History | Log In     View a printable version of the current page.  
Issue Details (XML | Word | Printable)

Key: JANINO-111
Type: Bug Bug
Status: Resolved Resolved
Resolution: Fixed
Priority: Major Major
Assignee: Arno Unkrig
Reporter: Matt Fowles
Votes: 0
Watchers: 0
Operations

If you were logged in you would be able to see more operations.
Janino

UnparseVisitor does not handle precedence of operators

Created: 06/May/08 04:24 PM   Updated: 16/Jun/08 09:29 AM
Component/s: None
Affects Version/s: None
Fix Version/s: None

Time Tracking:
Not Specified

File Attachments: 1. Text File unparse-fix.patch (53 kb)
2. Text File unparse.patch (11 kb)
3. Text File unparse.patch (41 kb)


Testcase included: yes


 Description  « Hide
Consider the following hand created AST and UnparseVisitor:

ExpressionStatement es = new Java.ExpressionStatement(
new Java.Assignment( null,
new Java.AmbiguousName( null, new String[] { "x" }),
"=",
new Java.BinaryOperation(null,
new Java.Literal(null, Integer.valueOf(1)),
"*",
new Java.BinaryOperation(null,
new Java.Literal(null, Integer.valueOf(2)),
"+",
new Java.Literal(null, Integer.valueOf(3)),
)
)
)
);

StringWriter sw = new StringWriter();
UnparseVisitor uv = new UnparseVisitor(sw);
uv.visitExpressionStatement(es);

sw will contain "x = 1 * 2 + 3;" it should contain something more like "x = 1 * (2 + 3);" to handle the precedence difference in '+' and '*'.

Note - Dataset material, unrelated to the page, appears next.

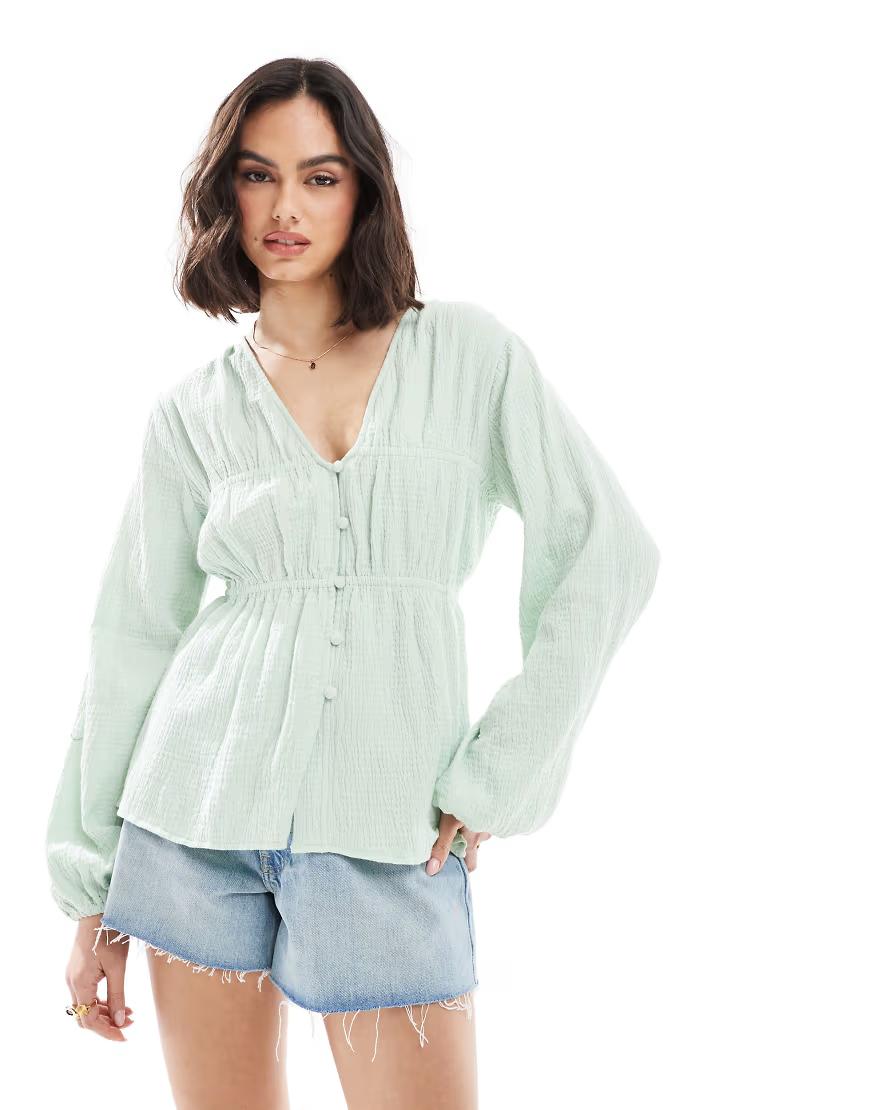 ZIELONA KOSZULA V-NECK GUZIKI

This is even worse for Unary '!' and "instanceof", because the generated code won't compile without the parentheses.



 All   Comments   Work Log   Change History      Sort Order: Ascending order - Click to sort in descending order
Matt Fowles - 07/May/08 09:30 AM
I am part way through an implementation of this. But I wanted to get the bug written down in case I get pulled of the problem.

Matt Fowles - 07/May/08 01:30 PM
The attached parse implements minimal parenthesizing of expressions based on precedence (i.e. parentheses will only be included in those places where they are needed for correctness and no more). It also add a bunch of test cases for this (many of which fail without the patch).

Matt Fowles - 09/May/08 09:30 PM
additionally, it would be nice if UnparseVisitors members were either public or protected. I have implemented this in my version, but extracting that diff from my other changes is a fair amount of effort.

Arno Unkrig - 15/May/08 02:37 PM
Hi Matt,

here are my thoughts on the issue:

The AST generated by the Java parser is a representation of the syntactical elements of a JAVA program. E.g. "1+2*3" is parsed in to "sum of 1 and (product of 2 and 3)", while "(1+2)*3" is parsed into "product of (parenthesized expression of (sum of 1 and 2)) and 3". Due to the precedence rules of Java, certain combinations of the syntactical elements are impossible, e.g. "product of (sum of 1 and 2) and 3". These can only be constructed programmatically, as you did. (Let's call these "unnatural syntax trees".)

All natural syntax trees (as those created by the Java parsers) are correctly converted to text by the UnparseVisitor (UV). This behavior could be documented as a limitation of the UV, and we're done.

Alternatively, a new type hierarchy derived from "Rvalue" could be introduced with members like "MultiplicativeOperation" and "AdditiveOperation", where the AO takes two MOs as its operands, but not vice versa. This way, unnatural syntax trees can no longer be constructed, and the output of the UV would be correct in ALL cases.

Third, as you proposed, the UV could be enhanced to generate correct output even for unnatural syntax trees. While producing correct results is nice, I don't really like the option, because this is not an exact inversion of the parsing process: If you re-parse the output of the UV, you get a different AST. (In previous versions of JANINO, I had no "ParenthesizedExpression" AST element, and later introduced it for exactly that reason.)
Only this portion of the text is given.